Best: The Weather. Ireland has the potential for very few natural disasters or extreme weather, the most would be a bad storm or once every few decades a heavy Canadian like snow and cold spat that lasts a few months. The most we have to deal with is heavy rain and flooding or the tail ends of other regions disasters like the remnants of a hurricane that peeters out crossing the Atlantic or the ash and a really bad winter from an Icelandic Volcano popping in the summer. Tornados are very rare, earthquakes are not felt and heat rarely exceeds 30 Celsius.
Worst: The Weather. It's so extremely temperate that summer is often hard to come by and clouds and rain make up most of the year. For people who are Solar powered and depend on the sun this can be torturous and that's most people even if some people are less dependent. For people with mental health problems it can make everything much worse.

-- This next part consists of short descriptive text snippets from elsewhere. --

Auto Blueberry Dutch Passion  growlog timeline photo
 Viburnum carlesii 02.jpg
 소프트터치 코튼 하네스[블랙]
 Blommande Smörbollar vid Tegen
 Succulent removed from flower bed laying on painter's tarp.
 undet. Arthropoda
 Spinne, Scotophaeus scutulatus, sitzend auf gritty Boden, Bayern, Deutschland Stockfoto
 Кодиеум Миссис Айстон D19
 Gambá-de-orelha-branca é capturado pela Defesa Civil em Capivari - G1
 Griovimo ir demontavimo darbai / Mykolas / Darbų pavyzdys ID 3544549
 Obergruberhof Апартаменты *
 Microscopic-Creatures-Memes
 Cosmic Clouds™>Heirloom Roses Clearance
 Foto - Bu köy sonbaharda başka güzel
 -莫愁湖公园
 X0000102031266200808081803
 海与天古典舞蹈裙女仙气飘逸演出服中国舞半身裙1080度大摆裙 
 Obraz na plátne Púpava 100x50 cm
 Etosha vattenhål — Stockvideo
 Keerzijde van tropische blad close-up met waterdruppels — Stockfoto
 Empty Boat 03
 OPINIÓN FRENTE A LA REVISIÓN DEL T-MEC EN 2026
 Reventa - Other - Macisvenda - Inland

It routinely causes depression and the Irish don't like admitting they have depression so you'll see a lot of alcoholics, mostly functioning but it still ruins them.
I think the biggest recent natural disaster we had was a spring/summer in 1947 where temperatures plummeted and snow fell that lasted 3 months and had drifts the height of telephone polls, people had to dig tubnels from their windows to the surface for air, on the plus side this saved them cause it kept them warm from the extremely low temps. With the way things worked back then though and being so heavily dependent on planting that must have been very rough for people esspecially in urban areas. Before that was the Potatoe blight about 200 years ago but that was because we didn't diversify in agriculture, I've always been surprised they didn't see that coming when they knew crops could fail.